Posting the good news of design effectiveness

Siegel & Gale’s winning design work for Royal Mail was so effective that within 17 days the job had paid for itself.

What is the shortest time it’s taken one of your jobs to pay for itself, justifying the client’s faith in you and investment in design? If you could measure such a thing – and in too many instances it isn’t that easy – you’d be hard pushed to achieve it within 17 days.

But that is what Siegel & Gale has done for Royal Mail with its rethink of its mail redirection service. And this was a major contributing factor in the project, winning top honours in the Design Business Association’s Design Effectiveness Awards this year, as well the Information Design prize.

The fact that, according to Royal Mail, the financial benefits of the new-look form covered the 30 000 design fee was a big plus with the judges. Says Peter Norman, group commercial director of Psion and a judge in the second round of the two-stage competition: “If only 5 per cent of the people responsible for forms took a little notice of this, we’d be better off as a society.”

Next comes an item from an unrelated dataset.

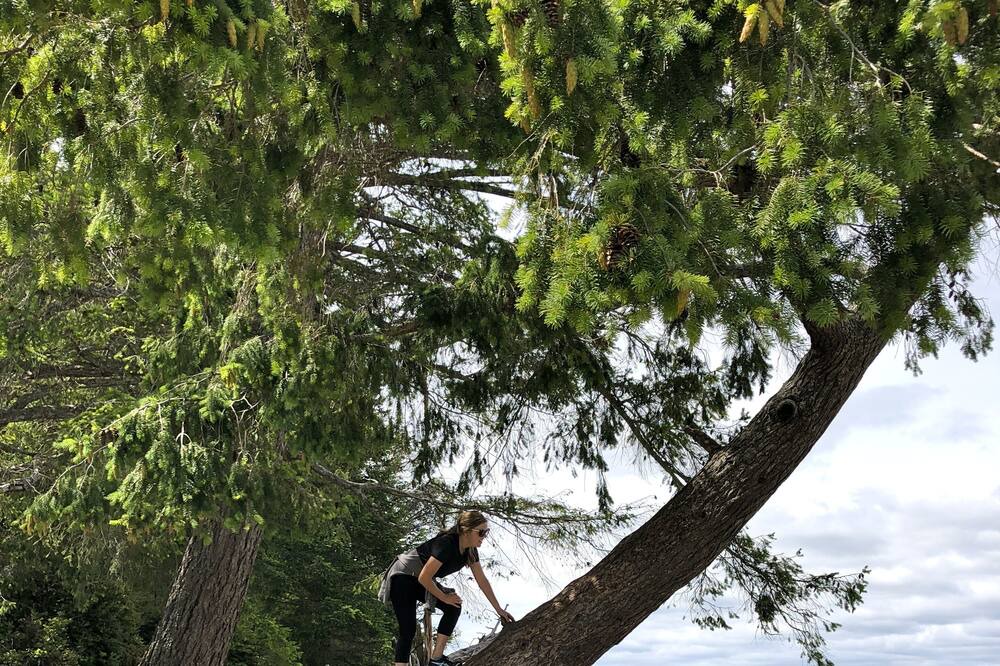 Photo of Others in Burley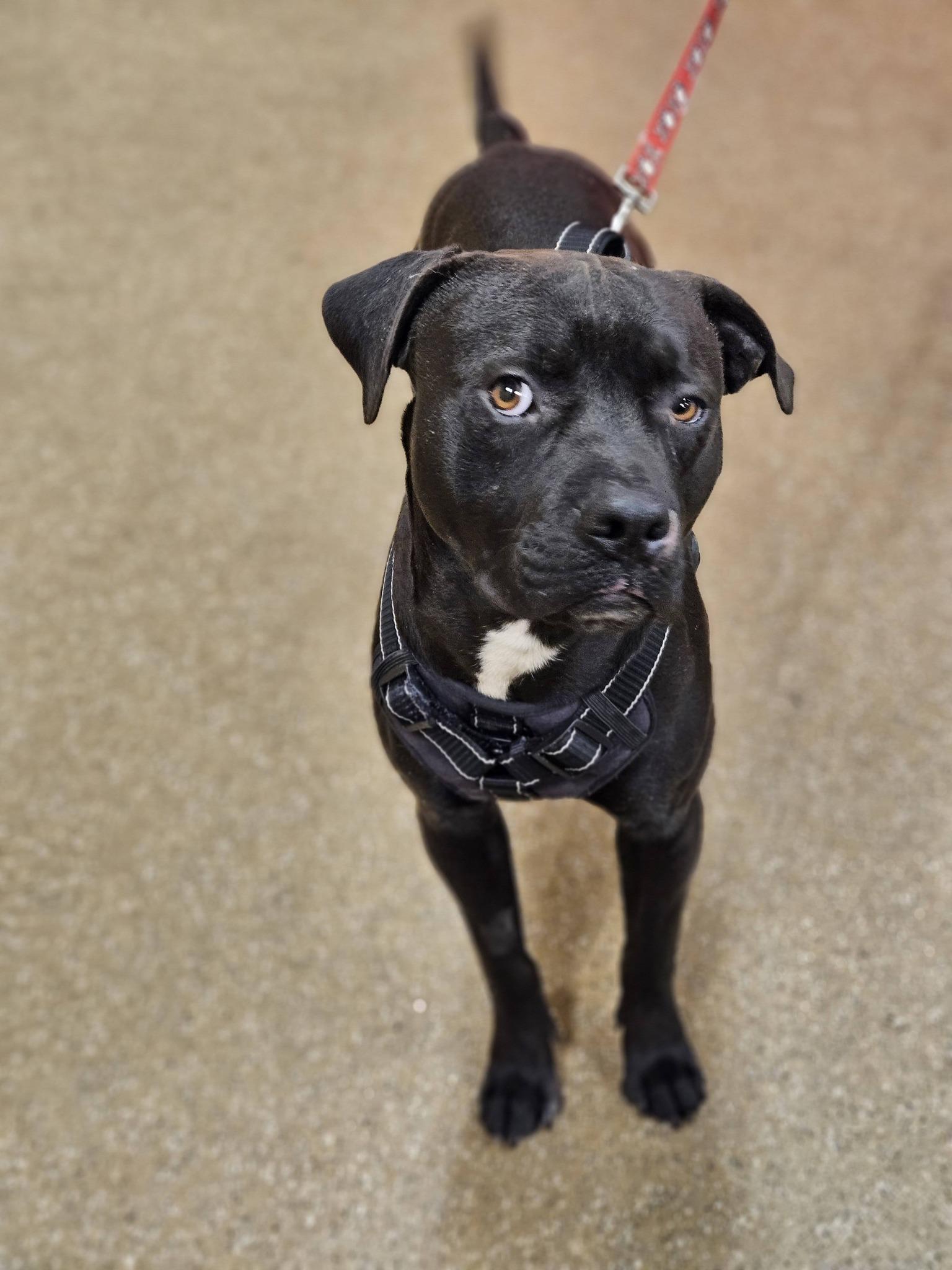 Enlarge Loki, a ADOPTABLE mixed breed in Broken Arrow, OK image 3/5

The project started in February last year, when Royal Mail – co incidentally a sponsor of the Design Effectiveness Awards – asked Siegel & Gale to review its mail redirection service. The consultancy was also briefed to appraise the promotional leaflet, Moving home? and the application form filled in by customers wanting their mail redirected.

Some 800 000 people a year pay to have their mail redirected, and research showed that 87 per cent of application forms contained one or more errors. As a result, Royal Mail was spending a substantial amount of money dealing with these errors and the resulting complaints. Several postal departments channel applications from customers wanting their mail redirected, but because it is such an important public service, it was felt the masterbrand, Royal Mail, was taking a serious knock.

The situation even prompted the Consumers’ Association to damn the Royal Mail redirection service. A highly critical article published in the April 1994 issue of the association’s magazine Which? stated: “The Post Office’s service for people moving house has failed to impress the Consumers’ Association. More than one in ten letters went astray in a test.”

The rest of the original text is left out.